Farming and the character trait of Industriousness go hand in hand. Did you know that?
The Wife had first discovered this during childhood while talking with her Grandma the Amazing Farm Wife. When Grandma, while hanging laundry on the line, said,"A gardener doesn't go hungry. It's hard work, but it feeds the family when others might go without." She had said this to The Wife when she lived in town. Her garden consumed the entire side of the corner lot the house sat on, and it also shared the space with the walkway from the ally and the clothesline. Looking back, it was a Norman Rockwell moment, but at the time, it was just barely appreciated. One simple sentence and it planted the seed of Industriousness in The Wife for the rest of her life.
Living on the farm now we have no choice but to be industrious at times...the cows got out and there was no gate to block the road, we had to figure out how to make three people seem like a very large deterrence at the road side...things like this happen often enough to make you prepared at a moment's notice.
Then there's times that we choose to be industrious...to heat with wood, to milk a goat, to make soap, or to boil down bones for broth.

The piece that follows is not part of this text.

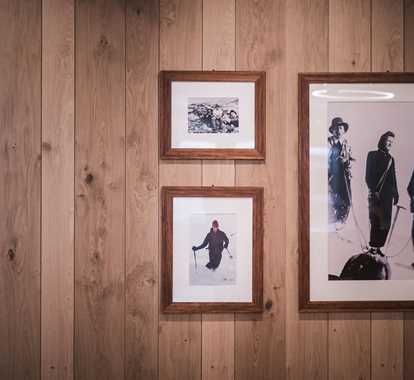 Framed photographies from the past on a wooden wall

We see our children taking industriousness to the next level...knitting hats, gloves, dishcloths, crocheting blankets, stuffed animals, and slippers, making gifts with wood and nails, and training goats to pack-goat so they don't have to carry the heavy loads.
Recently we spent time with our Uncle Intelligentsia and his wife, Aunt Intelligentsia. It was fantastic to hear Aunt Intelligentsia tell us of her process to insure the city where they live in be educated and funded for the community garden project. She has had to be Industrious to see healthy lives restored even in the city.
It's not easy, not always fun, sometimes barely appreciated...but it will change lives for generations.